The same produce area had a wall-mounted bug attraction device positioned directly above the paper towel dispenser at that hand sink. The concern with that placement is straightforward: an electrocuting insect device positioned over a surface employees use for hand hygiene creates a contamination risk from insect debris falling downward.

Elsewhere in the store, packaged foods and beverages were found sitting on the floor of the walk-in dairy cooler in the backroom. A soiled, rolled-up employee apron was stored on top of a case of bananas at the entrance to the walk-in cooler in the produce area.

The deli's hot food steam table had multiple cracks in the glass sliding door and front display panel. The bakery had a leaking faucet at the ware wash sink. The mop sink in the backroom had a damaged faucet.

Two personal items were also flagged: an employee cell phone left on a prep table at the fryer in the processing area, and an employee jacket hung on a packaged food rack, touching buckets of frosting in the bakery.
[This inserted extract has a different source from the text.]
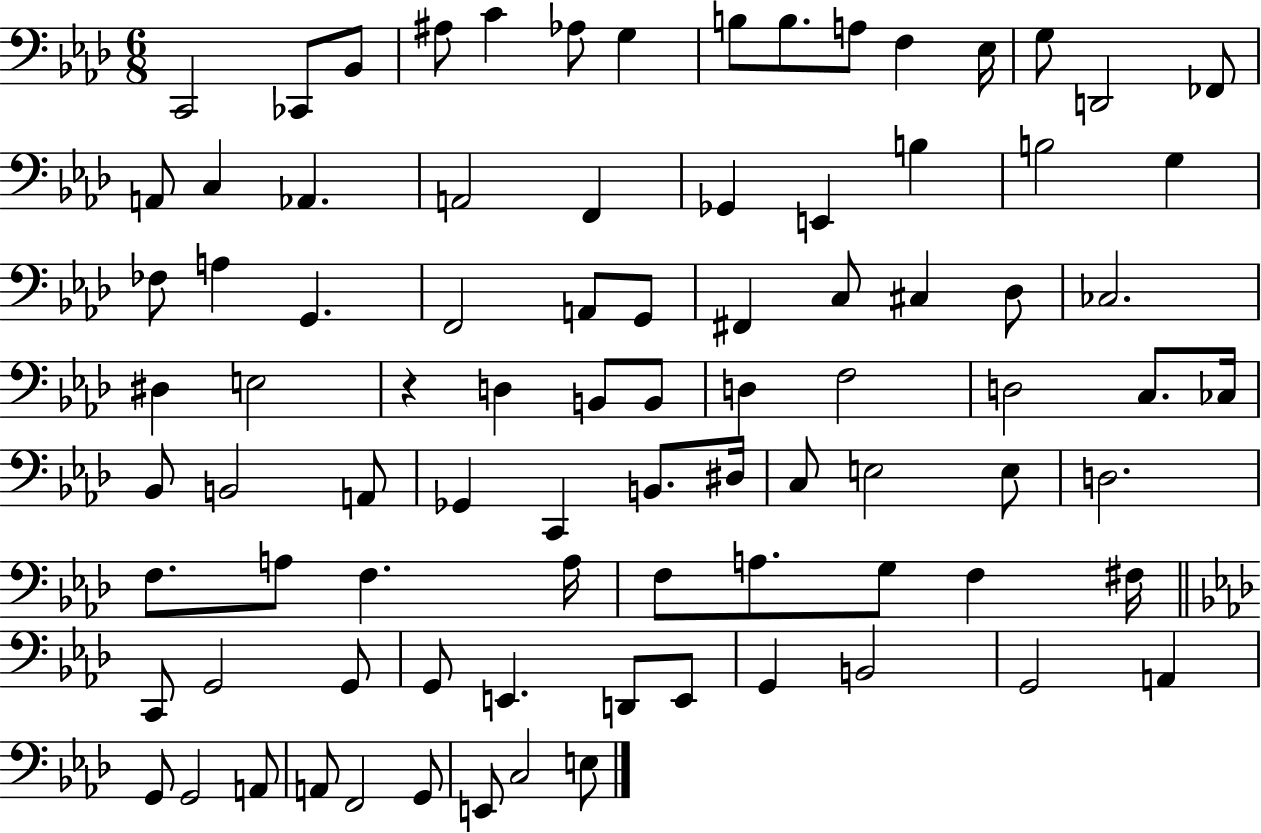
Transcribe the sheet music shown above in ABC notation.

What These Violations Mean

The glove and handwashing violation is the most direct risk documented in this inspection. When an employee handles surfaces or objects outside the food service area and then returns to serve food without washing hands and changing gloves, contamination travels directly from whatever the employee touched to the food being served. Gloves do not substitute for handwashing; they carry whatever is on them until they are removed. The fact that this happened at a deli counter, where food is handled and portioned for customers, makes the exposure more direct than a packaging or storage lapse.

The blocked hand sink in the deli is a repeat violation, and that distinction matters. When inspectors flag the same problem across multiple visits, it signals that the fix applied after the first citation did not become a lasting practice. A sink that employees cannot reach easily is a sink they will skip. In a high-traffic deli area with a fryer in operation, accessible handwashing is not a minor procedural point.

The insect control device placement in the produce area is a less obvious but genuine concern. Devices designed to electrocute or stun flying insects are required to retain the insects they kill, specifically to prevent fragments from falling onto food or food-contact surfaces. A device mounted directly above a hand sink and paper towel dispenser sits above surfaces employees use before handling food.

Plumbing failures at two separate sinks, a leaking ware wash faucet in the bakery and a damaged mop sink faucet in the backroom, were not corrected during the inspection. A leaking ware wash sink affects the cleaning of equipment and utensils used in food preparation.

The Longer Record

The March 23, 2026 inspection was the 19th on record at this Walmart location. Across those 19 inspections, FDACS records show 103 total violations, with no emergency closures.

The three most recent prior inspections, two focused inspections and one routine visit in 2024, each returned zero violations. That makes the 10 violations documented in March 2026 a departure from a recent stretch of clean records, not a continuation of an ongoing pattern of failures.

The repeat classification on the blocked hand sink, however, cuts against that framing. A violation earns the repeat designation because inspectors documented the same problem on a prior visit. Whatever clean-inspection stretch preceded March 2026, the hand sink accessibility issue had not been resolved durably enough to prevent it from appearing again.

The store met sanitation inspection requirements overall, meaning the inspection did not result in a closure or a failed status. But three of the ten violations, the cracked steam table glass, the plumbing failures, and the misplaced insect device, were not corrected during the visit and remained open at the time the inspector left.